Stored entries:
<<<<

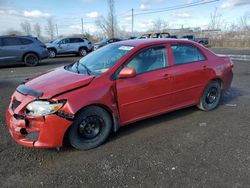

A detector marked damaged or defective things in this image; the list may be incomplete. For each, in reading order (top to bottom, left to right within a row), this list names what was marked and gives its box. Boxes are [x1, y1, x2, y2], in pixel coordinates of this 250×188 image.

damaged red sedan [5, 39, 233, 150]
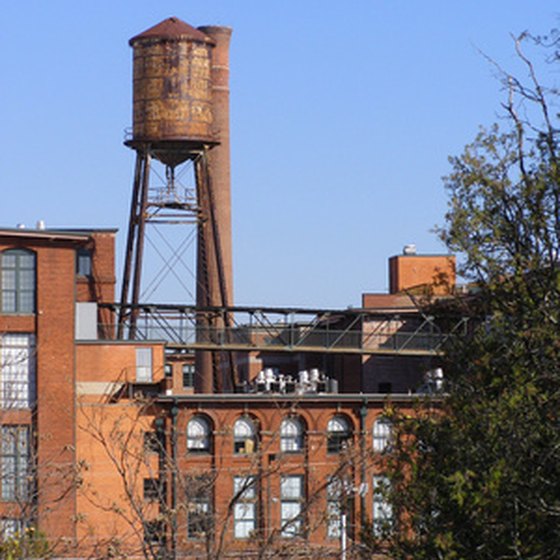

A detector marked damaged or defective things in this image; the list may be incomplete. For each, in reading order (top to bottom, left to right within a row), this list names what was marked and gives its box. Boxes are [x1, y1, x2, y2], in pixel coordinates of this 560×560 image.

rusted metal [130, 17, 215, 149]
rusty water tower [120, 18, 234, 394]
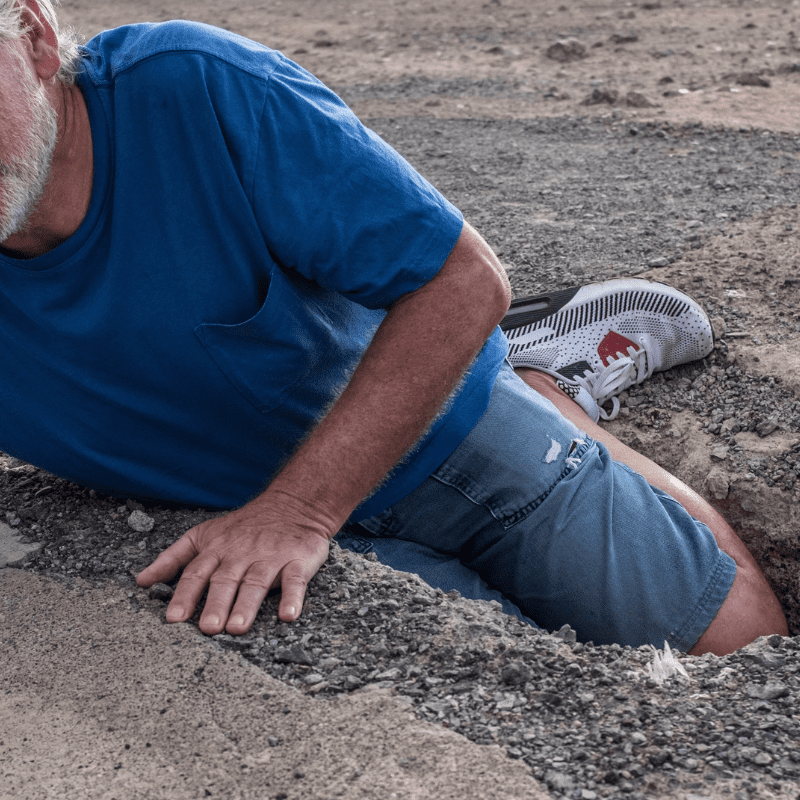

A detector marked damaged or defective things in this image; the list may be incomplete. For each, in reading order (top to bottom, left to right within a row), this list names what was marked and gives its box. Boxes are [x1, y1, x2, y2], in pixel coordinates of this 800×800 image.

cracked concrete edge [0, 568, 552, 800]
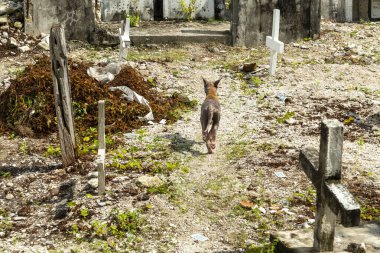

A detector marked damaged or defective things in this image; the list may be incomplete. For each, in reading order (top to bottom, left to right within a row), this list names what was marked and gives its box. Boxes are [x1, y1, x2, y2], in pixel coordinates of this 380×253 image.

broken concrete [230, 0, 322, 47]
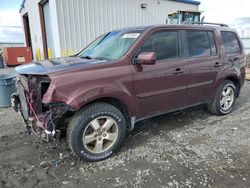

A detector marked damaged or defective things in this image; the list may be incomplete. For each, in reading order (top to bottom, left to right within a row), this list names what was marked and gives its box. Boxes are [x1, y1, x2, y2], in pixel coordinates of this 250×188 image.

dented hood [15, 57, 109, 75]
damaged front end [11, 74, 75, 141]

>>>>

▶ **REQUIRED ACTION**: Produce an exact copy of the lines from the line with "this 560×560 image." through the last line of the data above, both ends included. No pictures belong in it.

▶ **COMPLETED EXERCISE**:
A detector marked damaged or defective things in this image; the list may be incomplete. For each, in reading order (top to bottom, left to right within a row), this list names what was marked and gives its box. Boxes are [x1, y1, x2, y2], in pixel coordinates of this 560×560 image.

rusted metal [130, 17, 215, 149]
rusty water tower [120, 18, 234, 394]

A detector marked damaged or defective things in this image; the list may be incomplete. For each, in reading order (top to bottom, left to right within a row), this list names what was marked and gives its box. Boxes are [x1, y1, x2, y2], in pixel coordinates of this 800×800 image.

cracked concrete edge [0, 568, 552, 800]

A detector marked damaged or defective things in this image; the list may be incomplete. For each, in reading order (top to bottom, left to right within a row), this list names what was marked and gives its box. Boxes are [x1, y1, x2, y2], in pixel coordinates of this 380×253 image.

broken concrete [230, 0, 322, 47]

A detector marked damaged or defective things in this image; the list may be incomplete. For each, in reading order (top to bottom, left to right within a row), this list names what was marked and gives its box. Boxes are [x1, y1, x2, y2], in pixel coordinates of this 250×188 image.

dented hood [15, 57, 109, 75]
damaged front end [11, 74, 75, 141]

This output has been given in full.